SOURCE RECORDS
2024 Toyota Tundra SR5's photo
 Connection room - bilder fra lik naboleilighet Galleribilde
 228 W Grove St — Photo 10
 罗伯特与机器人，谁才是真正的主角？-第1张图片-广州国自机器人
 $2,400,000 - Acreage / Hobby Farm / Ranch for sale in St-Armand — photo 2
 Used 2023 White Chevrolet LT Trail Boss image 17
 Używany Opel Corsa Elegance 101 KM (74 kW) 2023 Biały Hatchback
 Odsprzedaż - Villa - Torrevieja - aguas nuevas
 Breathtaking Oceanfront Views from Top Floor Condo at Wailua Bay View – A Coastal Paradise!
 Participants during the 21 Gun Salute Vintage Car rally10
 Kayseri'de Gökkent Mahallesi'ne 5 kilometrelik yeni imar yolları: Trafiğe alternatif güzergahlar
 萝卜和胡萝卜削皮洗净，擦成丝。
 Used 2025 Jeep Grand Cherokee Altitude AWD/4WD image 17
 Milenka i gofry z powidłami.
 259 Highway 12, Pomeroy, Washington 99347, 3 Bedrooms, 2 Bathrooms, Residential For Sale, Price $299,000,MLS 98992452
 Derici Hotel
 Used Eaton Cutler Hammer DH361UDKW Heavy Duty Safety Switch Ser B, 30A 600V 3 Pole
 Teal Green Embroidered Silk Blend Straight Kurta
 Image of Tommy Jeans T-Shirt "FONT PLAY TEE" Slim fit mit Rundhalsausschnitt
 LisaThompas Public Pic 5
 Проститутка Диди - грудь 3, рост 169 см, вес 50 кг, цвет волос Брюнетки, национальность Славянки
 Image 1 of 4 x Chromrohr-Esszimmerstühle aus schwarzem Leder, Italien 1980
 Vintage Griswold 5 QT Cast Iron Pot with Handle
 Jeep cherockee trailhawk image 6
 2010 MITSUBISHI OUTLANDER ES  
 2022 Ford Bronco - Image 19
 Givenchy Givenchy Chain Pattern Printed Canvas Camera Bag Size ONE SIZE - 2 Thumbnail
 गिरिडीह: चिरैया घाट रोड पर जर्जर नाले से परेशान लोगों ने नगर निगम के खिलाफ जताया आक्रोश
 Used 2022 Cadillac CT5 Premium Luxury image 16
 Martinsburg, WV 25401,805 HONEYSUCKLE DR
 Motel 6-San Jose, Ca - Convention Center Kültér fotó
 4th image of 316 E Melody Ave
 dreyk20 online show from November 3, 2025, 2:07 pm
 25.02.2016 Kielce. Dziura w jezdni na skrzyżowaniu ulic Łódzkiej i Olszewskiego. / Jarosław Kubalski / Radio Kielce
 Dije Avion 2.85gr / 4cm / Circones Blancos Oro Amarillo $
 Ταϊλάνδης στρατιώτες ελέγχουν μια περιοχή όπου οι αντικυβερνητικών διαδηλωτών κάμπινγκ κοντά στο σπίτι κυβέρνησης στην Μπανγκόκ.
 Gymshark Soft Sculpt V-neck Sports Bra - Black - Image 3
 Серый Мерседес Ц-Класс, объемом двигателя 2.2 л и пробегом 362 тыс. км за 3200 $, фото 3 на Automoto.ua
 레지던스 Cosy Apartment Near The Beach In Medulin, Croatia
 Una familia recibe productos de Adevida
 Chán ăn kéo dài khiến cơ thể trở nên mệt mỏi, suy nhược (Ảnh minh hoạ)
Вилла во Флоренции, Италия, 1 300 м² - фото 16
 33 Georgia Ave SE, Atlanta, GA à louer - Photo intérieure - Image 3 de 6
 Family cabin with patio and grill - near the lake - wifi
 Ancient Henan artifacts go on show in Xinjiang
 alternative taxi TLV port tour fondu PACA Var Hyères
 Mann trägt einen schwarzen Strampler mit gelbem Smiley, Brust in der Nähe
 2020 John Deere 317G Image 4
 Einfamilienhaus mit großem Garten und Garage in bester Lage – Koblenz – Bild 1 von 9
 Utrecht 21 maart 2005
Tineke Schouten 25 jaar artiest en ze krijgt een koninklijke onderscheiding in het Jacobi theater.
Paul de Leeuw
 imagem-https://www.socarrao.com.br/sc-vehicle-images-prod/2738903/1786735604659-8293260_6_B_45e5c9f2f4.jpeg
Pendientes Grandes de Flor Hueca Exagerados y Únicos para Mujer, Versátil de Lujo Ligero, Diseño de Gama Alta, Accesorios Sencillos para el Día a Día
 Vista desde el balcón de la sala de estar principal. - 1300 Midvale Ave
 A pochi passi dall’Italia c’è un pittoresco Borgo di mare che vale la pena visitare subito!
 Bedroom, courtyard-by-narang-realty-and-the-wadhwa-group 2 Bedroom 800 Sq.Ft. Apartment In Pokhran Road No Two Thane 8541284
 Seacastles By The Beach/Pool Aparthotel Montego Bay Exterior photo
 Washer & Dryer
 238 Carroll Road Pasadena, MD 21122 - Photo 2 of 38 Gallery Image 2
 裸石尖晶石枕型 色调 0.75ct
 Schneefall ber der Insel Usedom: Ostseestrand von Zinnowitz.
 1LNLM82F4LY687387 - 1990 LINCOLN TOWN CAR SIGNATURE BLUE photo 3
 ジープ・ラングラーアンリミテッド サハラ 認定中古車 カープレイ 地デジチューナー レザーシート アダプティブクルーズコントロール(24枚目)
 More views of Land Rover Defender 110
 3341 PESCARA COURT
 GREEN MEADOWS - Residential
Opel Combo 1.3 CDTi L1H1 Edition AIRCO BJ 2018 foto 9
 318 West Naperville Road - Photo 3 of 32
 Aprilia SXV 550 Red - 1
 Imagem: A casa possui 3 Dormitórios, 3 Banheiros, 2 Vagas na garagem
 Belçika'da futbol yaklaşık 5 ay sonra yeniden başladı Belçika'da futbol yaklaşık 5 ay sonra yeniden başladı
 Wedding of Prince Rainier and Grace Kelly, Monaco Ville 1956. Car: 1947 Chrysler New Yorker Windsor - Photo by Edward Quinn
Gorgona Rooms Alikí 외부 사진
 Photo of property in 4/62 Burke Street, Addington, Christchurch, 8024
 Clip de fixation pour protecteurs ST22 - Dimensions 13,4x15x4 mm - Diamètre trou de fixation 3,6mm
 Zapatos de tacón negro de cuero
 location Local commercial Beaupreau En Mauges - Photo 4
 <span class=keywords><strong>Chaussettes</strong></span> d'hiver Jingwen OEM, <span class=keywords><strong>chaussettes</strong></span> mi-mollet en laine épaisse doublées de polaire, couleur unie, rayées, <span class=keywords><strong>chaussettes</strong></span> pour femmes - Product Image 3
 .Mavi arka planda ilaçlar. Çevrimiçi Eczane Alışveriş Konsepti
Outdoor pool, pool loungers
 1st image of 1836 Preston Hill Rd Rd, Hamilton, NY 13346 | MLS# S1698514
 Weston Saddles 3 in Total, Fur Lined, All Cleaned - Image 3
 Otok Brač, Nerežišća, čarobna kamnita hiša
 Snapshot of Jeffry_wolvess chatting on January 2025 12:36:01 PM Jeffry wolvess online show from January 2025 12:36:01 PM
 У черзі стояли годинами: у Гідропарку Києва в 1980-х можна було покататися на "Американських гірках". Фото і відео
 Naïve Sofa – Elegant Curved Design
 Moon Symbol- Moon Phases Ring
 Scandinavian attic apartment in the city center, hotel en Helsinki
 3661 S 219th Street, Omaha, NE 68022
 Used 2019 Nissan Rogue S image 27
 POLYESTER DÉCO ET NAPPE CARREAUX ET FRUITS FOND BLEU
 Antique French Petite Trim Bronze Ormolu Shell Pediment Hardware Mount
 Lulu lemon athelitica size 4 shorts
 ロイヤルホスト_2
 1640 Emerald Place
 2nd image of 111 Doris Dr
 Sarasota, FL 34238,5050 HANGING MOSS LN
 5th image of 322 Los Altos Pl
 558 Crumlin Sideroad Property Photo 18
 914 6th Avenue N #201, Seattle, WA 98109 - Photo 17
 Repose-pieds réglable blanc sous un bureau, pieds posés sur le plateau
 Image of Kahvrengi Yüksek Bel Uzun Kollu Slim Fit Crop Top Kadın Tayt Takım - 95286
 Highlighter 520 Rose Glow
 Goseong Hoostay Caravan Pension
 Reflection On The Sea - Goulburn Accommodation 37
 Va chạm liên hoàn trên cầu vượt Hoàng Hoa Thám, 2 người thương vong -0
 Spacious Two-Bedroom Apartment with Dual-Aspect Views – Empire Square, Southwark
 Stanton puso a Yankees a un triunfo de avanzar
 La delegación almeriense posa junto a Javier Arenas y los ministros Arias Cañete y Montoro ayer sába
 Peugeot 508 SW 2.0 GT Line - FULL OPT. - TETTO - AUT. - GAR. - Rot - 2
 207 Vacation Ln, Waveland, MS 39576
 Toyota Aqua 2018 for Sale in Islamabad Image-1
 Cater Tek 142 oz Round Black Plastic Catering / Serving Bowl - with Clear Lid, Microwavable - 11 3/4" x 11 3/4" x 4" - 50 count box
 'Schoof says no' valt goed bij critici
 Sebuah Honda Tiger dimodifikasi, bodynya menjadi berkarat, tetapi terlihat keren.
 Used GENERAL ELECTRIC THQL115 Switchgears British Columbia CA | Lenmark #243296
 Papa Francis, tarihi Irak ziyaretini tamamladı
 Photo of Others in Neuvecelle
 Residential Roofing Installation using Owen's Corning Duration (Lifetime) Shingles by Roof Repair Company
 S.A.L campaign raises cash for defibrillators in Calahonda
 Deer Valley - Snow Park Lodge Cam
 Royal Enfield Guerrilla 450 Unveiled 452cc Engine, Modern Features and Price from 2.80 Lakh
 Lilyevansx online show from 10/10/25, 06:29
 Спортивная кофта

EXERCISE OBJECTIVE
In the data above, retype exactly and only the lines between the one holding "Reflection On The" and the one holding "Lilyevansx online show from 10/10/25, 06:29", inclusive.

THE COMPLETED TASK
 Reflection On The Sea - Goulburn Accommodation 37
 Va chạm liên hoàn trên cầu vượt Hoàng Hoa Thám, 2 người thương vong -0
 Spacious Two-Bedroom Apartment with Dual-Aspect Views – Empire Square, Southwark
 Stanton puso a Yankees a un triunfo de avanzar
 La delegación almeriense posa junto a Javier Arenas y los ministros Arias Cañete y Montoro ayer sába
 Peugeot 508 SW 2.0 GT Line - FULL OPT. - TETTO - AUT. - GAR. - Rot - 2
 207 Vacation Ln, Waveland, MS 39576
 Toyota Aqua 2018 for Sale in Islamabad Image-1
 Cater Tek 142 oz Round Black Plastic Catering / Serving Bowl - with Clear Lid, Microwavable - 11 3/4" x 11 3/4" x 4" - 50 count box
 'Schoof says no' valt goed bij critici
 Sebuah Honda Tiger dimodifikasi, bodynya menjadi berkarat, tetapi terlihat keren.
 Used GENERAL ELECTRIC THQL115 Switchgears British Columbia CA | Lenmark #243296
 Papa Francis, tarihi Irak ziyaretini tamamladı
 Photo of Others in Neuvecelle
 Residential Roofing Installation using Owen's Corning Duration (Lifetime) Shingles by Roof Repair Company
 S.A.L campaign raises cash for defibrillators in Calahonda
 Deer Valley - Snow Park Lodge Cam
 Royal Enfield Guerrilla 450 Unveiled 452cc Engine, Modern Features and Price from 2.80 Lakh
 Lilyevansx online show from 10/10/25, 06:29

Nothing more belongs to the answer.